First, make sure you've got your emergency fund covered. You need to have 3-6 months of living expenses in a multi-tier cash reserve. Think high yield money market, short-term bond mutual funds and maybe some muni's (depending on your tax bracket.) When it comes to bonds/bond mutual funds, look for short maturities. Interest rates can't go anywhere but up, and when they do, bond values will drop. The next step depends on alot of factors. What's your time frame? What's your tolerance to risk? If you're squared away on the emergency fund, and if you're still a few years from retirement, then look for actively managed growth or growth & income mutual funds with good long-term track records. I say actively managed as opposed to index funds. Index funds (like the ones that mirror the S&P 500) have been basically flat over the last 10-12 years and you need good fund managers that provide what's called Alpha. (In a nutshell, that's a measure of the value the fund manager brings to the table and indicates how they have performed against a relative index.) If you're not contributing to a Roth IRA, then max that out (assuming your income doesn't exceed allowable limits). You can own just about anything in a Roth IRA -- stocks, bonds, mutual funds, REITs, annuities, etc.) The great thing about a Roth IRA is that your investment grows tax-deferred until retirement, and then you can take distributions tax-free. Speaking of annuities, there are some great products available that provide you with the opportunity to participate in the market and you can add features that will protect you from down-side risk, lock in gains every year, and that will provide a guaranteed death benefit that would pass on to your heirs at your death. The knocks against annuities have traditionally been that they are expensive and you can't gain access to your funds if you need to (surrender charges.) The products that have come out the past few years have come a long way in dispelling those knocks.
Don't buy gold, as you would be commiting the sin of "buying high" at this point. Besides, if you factor out gold's run-up over the past year, it's only averaged about 2% (at best) return over the last 40 years. As for real estate, yeah, maybe if you are a "fixer upper" kind of person, you might be able to get a decent piece of property cheap, put in some sweat equity, and then flip it. But long term, real estate's historical appreciation doesn't compare to the stock market. 
Again, it all depends on what your personal situation is at the moment. I would recommend you get in touch with a financial planner and he/she can look at everything from a comprehensive standpoint and offer some guidance. If you are interested, PM me.


----------



## curtpcol (Sep 29, 2007)

good job Tim


----------



## Grassflatsfisher (Oct 3, 2007)

Wild Froggy said:


> Life Insurance? Are you kidding. Life Insurance is not an investment. A 6.8% return is awful. I would just keep my money in my pocket at that rate.
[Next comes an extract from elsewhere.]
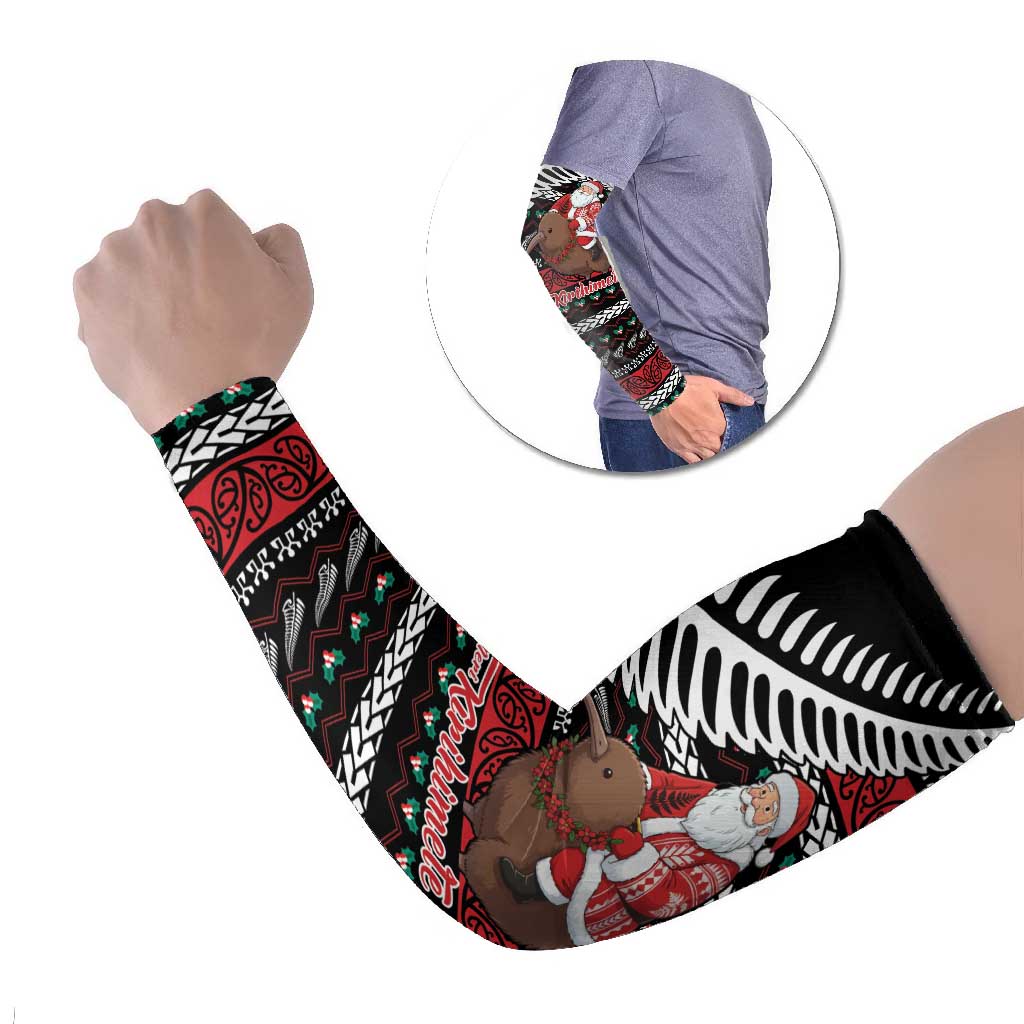 New Zealand Kiwi Santa Christmas Arm Sleeves He Wairua Kirihimete - Aussie Hoodie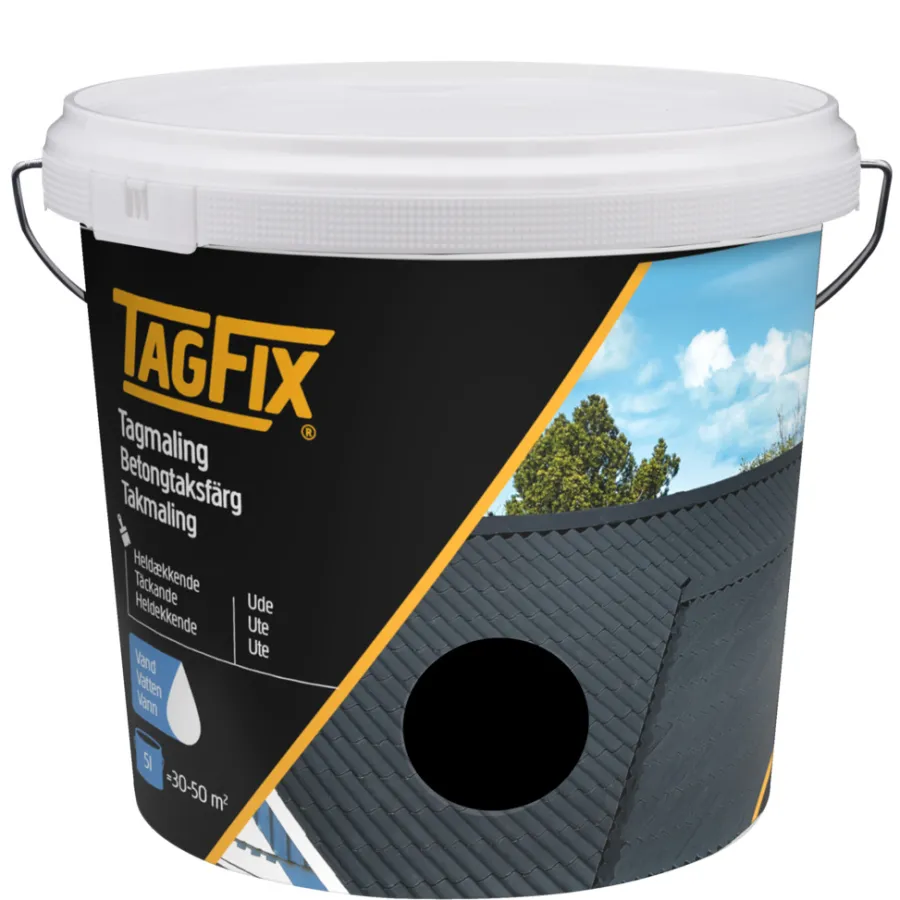Tak-, Mur- & Sokkelmaling^Tagfix Takmaling vannbasert 5 liter - svart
Your right....go put your money in a cd or money market account earning 1-2%. You wont be able to touch it till your 65 and then get taxed on your gains. Just think what those deferred taxes will be in 25-30 years...go back 30 years and see what the tax rates were then and what they are now...even on those IRA accounts your going to et taxed to death. I'll take my tax free dividends within my LI policy all day long and use my cash values to retire on and put towards other investments inbetween...be my own banker and pay myself back when i need to borrow and not a bank... plus keep getting the returns on the money within my policy as if i never borrowed it. Keep playing the old school of thought game and wind up like a lot of these people who have nothing now because they lost it all in the market or housing collapse. 

Its an investment strategy...not a "work for most product" like these institutions sale everyone on. Read the book i mentioned above. You will rethink your comment. 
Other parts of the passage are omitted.